▸ Information
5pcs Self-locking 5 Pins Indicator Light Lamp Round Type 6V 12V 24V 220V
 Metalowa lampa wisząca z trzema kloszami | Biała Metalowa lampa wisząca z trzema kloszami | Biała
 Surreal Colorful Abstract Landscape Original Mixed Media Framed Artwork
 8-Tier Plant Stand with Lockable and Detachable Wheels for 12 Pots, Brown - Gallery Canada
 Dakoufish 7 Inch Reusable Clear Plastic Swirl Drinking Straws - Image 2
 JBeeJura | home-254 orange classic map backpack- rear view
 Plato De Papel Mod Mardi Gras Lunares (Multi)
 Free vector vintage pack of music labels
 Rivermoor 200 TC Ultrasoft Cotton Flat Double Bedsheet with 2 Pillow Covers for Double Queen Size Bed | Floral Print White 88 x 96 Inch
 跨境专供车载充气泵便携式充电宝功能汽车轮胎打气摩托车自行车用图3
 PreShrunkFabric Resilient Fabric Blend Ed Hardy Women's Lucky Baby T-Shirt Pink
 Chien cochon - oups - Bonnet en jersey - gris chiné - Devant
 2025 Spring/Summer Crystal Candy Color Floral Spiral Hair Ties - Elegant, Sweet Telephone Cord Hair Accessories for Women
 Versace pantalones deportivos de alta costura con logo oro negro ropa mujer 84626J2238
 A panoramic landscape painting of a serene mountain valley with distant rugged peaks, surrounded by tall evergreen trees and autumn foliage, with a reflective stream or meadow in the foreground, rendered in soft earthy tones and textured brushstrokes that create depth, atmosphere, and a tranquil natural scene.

▸ Work request
Output each line of the material above with no deviation.

▸ Solution for this task
5pcs Self-locking 5 Pins Indicator Light Lamp Round Type 6V 12V 24V 220V
 Metalowa lampa wisząca z trzema kloszami | Biała Metalowa lampa wisząca z trzema kloszami | Biała
 Surreal Colorful Abstract Landscape Original Mixed Media Framed Artwork
 8-Tier Plant Stand with Lockable and Detachable Wheels for 12 Pots, Brown - Gallery Canada
 Dakoufish 7 Inch Reusable Clear Plastic Swirl Drinking Straws - Image 2
 JBeeJura | home-254 orange classic map backpack- rear view
 Plato De Papel Mod Mardi Gras Lunares (Multi)
 Free vector vintage pack of music labels
 Rivermoor 200 TC Ultrasoft Cotton Flat Double Bedsheet with 2 Pillow Covers for Double Queen Size Bed | Floral Print White 88 x 96 Inch
 跨境专供车载充气泵便携式充电宝功能汽车轮胎打气摩托车自行车用图3
 PreShrunkFabric Resilient Fabric Blend Ed Hardy Women's Lucky Baby T-Shirt Pink
 Chien cochon - oups - Bonnet en jersey - gris chiné - Devant
 2025 Spring/Summer Crystal Candy Color Floral Spiral Hair Ties - Elegant, Sweet Telephone Cord Hair Accessories for Women
 Versace pantalones deportivos de alta costura con logo oro negro ropa mujer 84626J2238
 A panoramic landscape painting of a serene mountain valley with distant rugged peaks, surrounded by tall evergreen trees and autumn foliage, with a reflective stream or meadow in the foreground, rendered in soft earthy tones and textured brushstrokes that create depth, atmosphere, and a tranquil natural scene.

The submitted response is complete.